Markets and firms
Anne-Robert-Jacques Turgot (1727–81)
1759 French economist François Quesnay publishes Economic Table—a model that demonstrates the physiocrats’ economic theories.
1760s French physiocrat Guérineau de Saint-Péravy’s essay on the principles of taxation argues that the ratio of outputs to inputs is fixed.
1871 Austrian Carl Menger argues in Principles of Economics that price is determined at the margin.
1956 In A Contribution to the Theory of Economic Growth, US economist Robert Solow applies the idea of diminishing marginal returns to the growth prospects of countries.
Frenchman Anne-Robert-Jacques Turgot was one of a small group of thinkers known as the physiocrats, who believed that national wealth was created from agriculture.
Turgot’s twin interests in tax and the output of land led him to develop a theory that explains how the output of each extra worker changes as successive workers are added to the production process.

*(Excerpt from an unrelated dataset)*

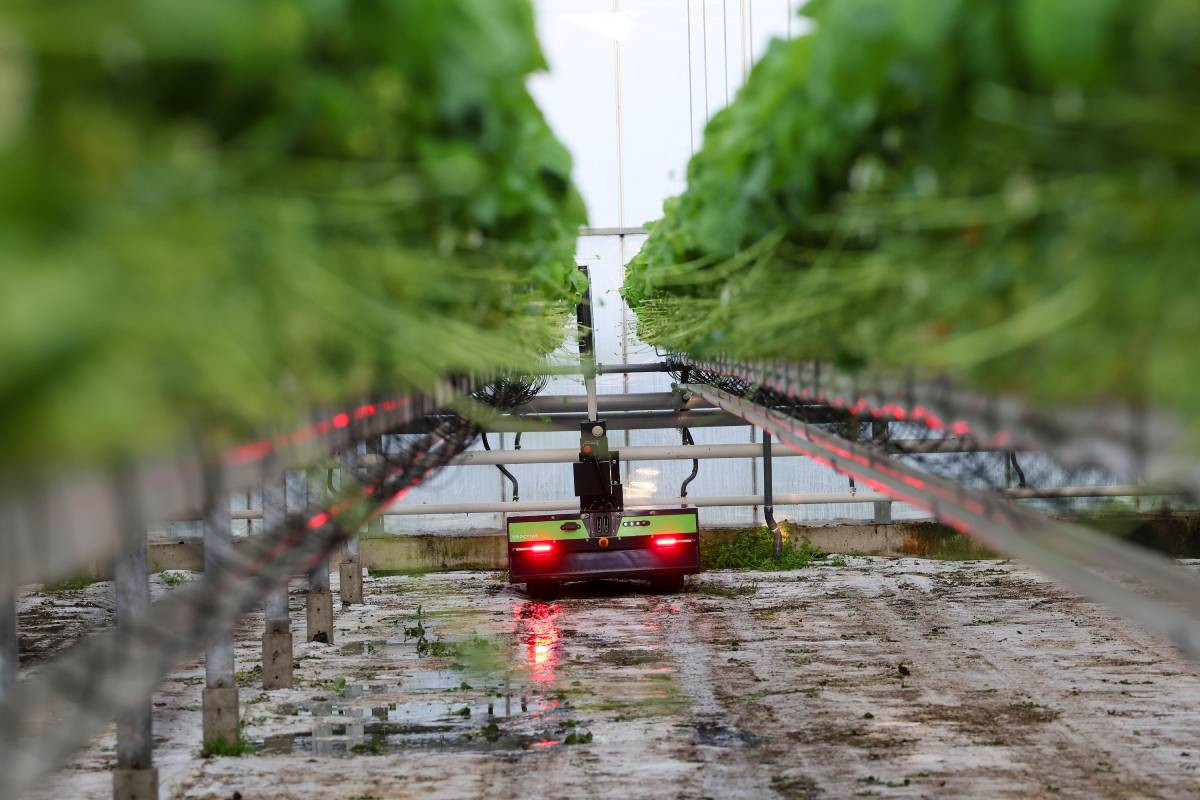 Kabinet-Schoof ziet in robotisering een oplossing om minder arbeidsmigranten in te zetten. Foto: Bert Jansen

A fellow physiocrat, Guérineau de Saint-Péravy, had said that for each extra worker on the land, the amount of additional output is constant; in other words each extra worker adds the same to production as the last. But in 1767, Turgot pointed out that unprepared soil produces very little when sowed. If the soil is plowed once, output increases; plowed twice, it might quadruple. Eventually, however, the extra work begins to increase output less and less, until additional workers add nothing further to production, because the fertility of the soil is exhausted.
"The earth’s fertility resembles a spring that is being pressed downward… the effect of additional weights will gradually diminish."
A R J Turgot
Turgot’s idea is that adding more of a variable factor (workers) to a fixed factor (land) will lead to the last worker adding less to output than the first. This has become known as “diminishing marginal returns,” and it is one of the most important pillars of modern economic theory. It explains not only why it costs more to produce more, but also why countries struggle to get richer if their population expands without improvements in technology.